Lebanon’s President Michel Suleiman has on Thursday asked the outgoing cabinet to continue in office in a caretaker capacity after the government collapsed on Wednesday following the resignation of more than one-third ministers.
“Since one third of the cabinet members quit, the government is now considered resigned,” Mr. Suleiman said in a statement, “For this reason, I request the caretaker government to carry out its duties until a new one is formed.”

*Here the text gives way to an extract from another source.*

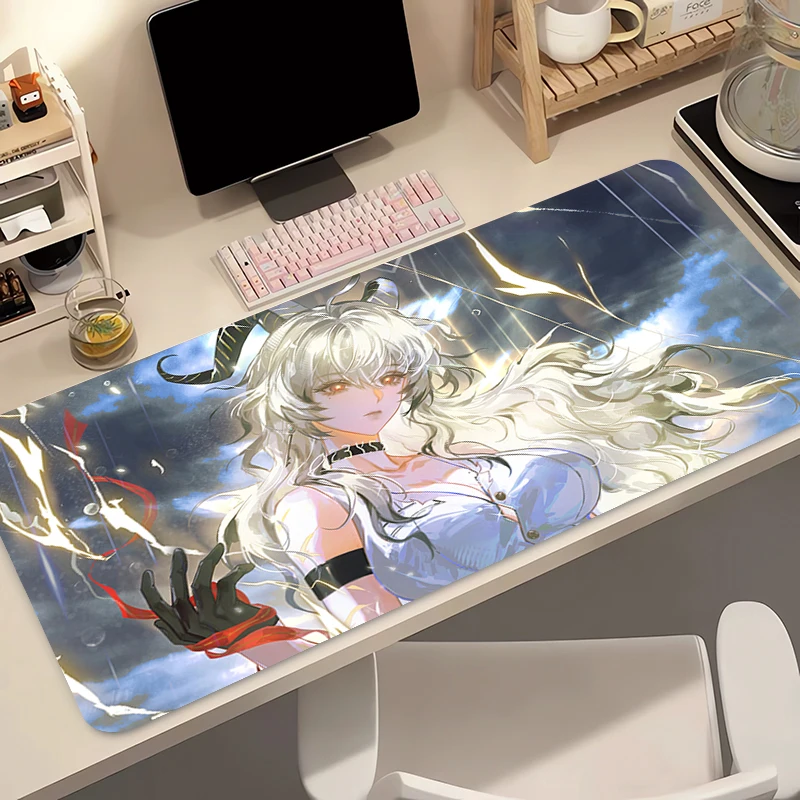 لوحة ماوس ألعاب من السيليكون W-Wuthering W-Waves Zani لوحة مفاتيح كبيرة لوحة ماوس توبوغرافية للوحة المفاتيح مع حصيرة طاولة مضادة للانزلاق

Eleven cabinet ministers belonging to Hizbollah and its allies resigned on Wednesday over the international investigation on the 2005 assassination of former Lebanese Prime Minister, Rafik Hariri. They said the prime minister had rejected their demand that an urgent cabinet session be called to discuss the government’s withdrawal from all co-operation with the UN-backed Special Tribunal for Lebanon (STL). The Hizbollah has for long been saying that the STL would wrongly indict it for Hariri’s assassination.
The indictments are expected to be released next week, though a delay in this process cannot be ruled out, observers say.
Analysts point out that indictment of Hizbollah in the Hariri’s assassination is likely to surge sectarian tensions between the Shia group and Lebanon’s Sunni community to which the late Hariri belonged, thus evoking fears of resurrection of the bloody Lebanese civil war.
In Washington, where the outgoing Prime Minister Saad Hariri was present on Wednesday, the U.S. President Barack Obama slammed Hizbollah for causing the government’s collapse. In a statement, the White House accused Hizbollah for “demonstrating their own fear and determination to block the government’s ability to conduct its business and advance the aspirations of all of the Lebanese people.”
Mr. Hariri later left for Paris for consultations with French President Nicolas Sarkozy.
In the region, Turkish foreign minister Ahmet Davutoglu, on Wednesday discussed over telephone, the developments in Lebanon with Mr. Hariri, Saudi Arabia’s state-run Saudi Press Agency (SPA) reported. On his part, Syrian President Bashar al-Assad called Mr. Suleiman on Thursday. An editorial in the Al Quds Al Arabi, a Palestinian daily in Arabic out of London, said that “(a) stage of escalation has started” in Lebanon.